Daha önceki entrylerimde de belirtmiştim aslında. Erkek arkadaşımın ailesinin şirketinde işe başladığımı. Bir ay oldu neredeyse sorunsuz. iş gezisi için Almanya'dayız şu an. Annesi, babası ve başka firmalardan iki Türk adam daha. Akşam yemeğinde gerek cinsiyetçi yaklaşımlar, gerek anti-feminist sözler masada fır dönüyordu. Tabiki dayanamayıp atıldım. Dört yetişkin kişiye karşı bir kişi idim.Buraya kadar da mesele yok.

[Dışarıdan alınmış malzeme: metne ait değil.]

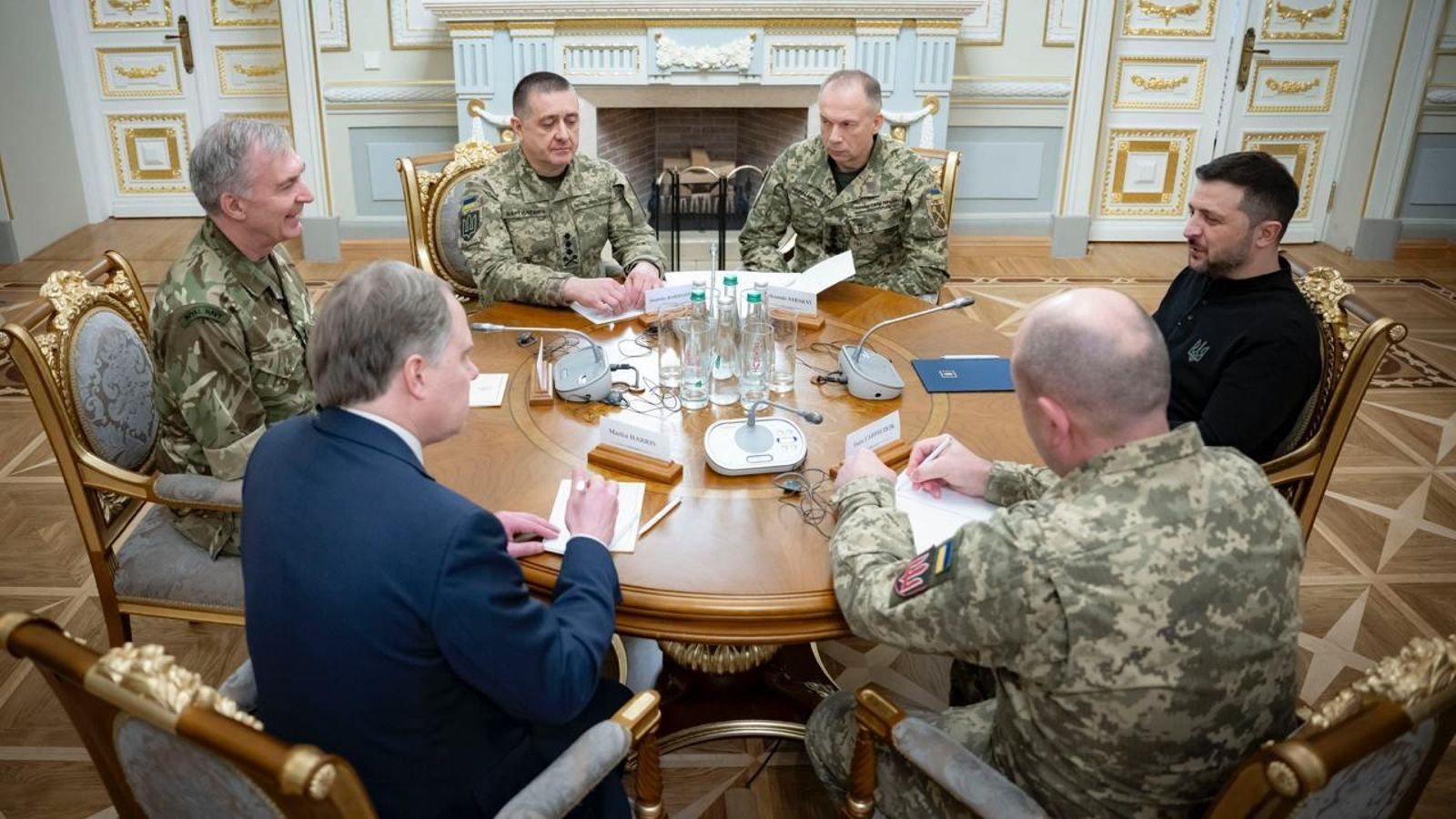 Reunió de Zelenski amb la delegació britànica encapçalada pel cap de l'Estat Major de la Defensa, l'almirall Anthony Radakin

Mesele aile konusu oldu. Anne-babası ayrı olan çocuklar sorunlu olurmuş. Tabiki yine dayanamadım ve söyleyiverdim. Çünkü bu konuda konuşulması beni hep rahatsız etmiştir. Anne ve babamın ayrılmasını ben istemedim bu sebeple ötekileştirilmeyi de haketmedim. Ucube gibi görülmeyi de. inanın en ufak problem yaratan bir tutum takınmadım. Ama sevgilimin babası dedi ki sen niye bu aile konularında saldırgansın. bana demek istediği ise şuydu sen sorunlusun. bu yüzden bize muhalif oluyorsun.
Ben mi istedim anne babamın ayrı olmasını? Benim ne suçum vardı? On üç sene önce ayrıldılar. On üç senedir görmem ben babamı. On üç sene önce ilkokuldayken de aynı muhabbet dönerdi. arkadaşlarım bile dışlardı beni. liseye gelene kadar arkadaşım olmadı. bana hep senin baban yok dendi. problemlisindir sen dendi. bense hep benim babam var sadece artık birlikte yaşamıyorlar derdim. Belki sorunluyum farkında değilim. Ama saygıda hiçbir kusur etmezken, hele ben sizin gelin adayınız isem, bunu yürekten istediğinizi bana defalarca dile getirmişseniz annemin babamın ayrı olduğunu bildiğiniz halde gözümün içine baka baka sorunludur böyle çocuklar diye dalga geçmezsiniz. Eğitimim yerinde, işim yerinde, dilim var, oturup kalkmasını çok iyi bildiğimi söyleyen kendileri, ev çekip çevirebilirsin sen diye söyleyen kendileri. Ben anlamıyorum. anneler babalar hata yapıyorlar. Ve çocuklar bu bedeli hayatları boyunca ödüyorlar. Hem de hiç hataları olmadığı halde. oysa ben babamın aklına bir kere geliyor muyum? gelmiyorum. On üç yıldır bir kere aramadı. Yeterince üzülürken neden buna maruz kalıyorum?
Yalvarırım bu tarz konuşmalar yapmayın. Siz vurdumduymaz bir şekilde konuşurken birilerinin canını çok yakıyor sözleriniz.
saat 11 den beri Otel odasındayım. Bunları düşünüyorum ve ağlıyorum. Ve tam iki saattir kendimi asmayı düşünüyorum.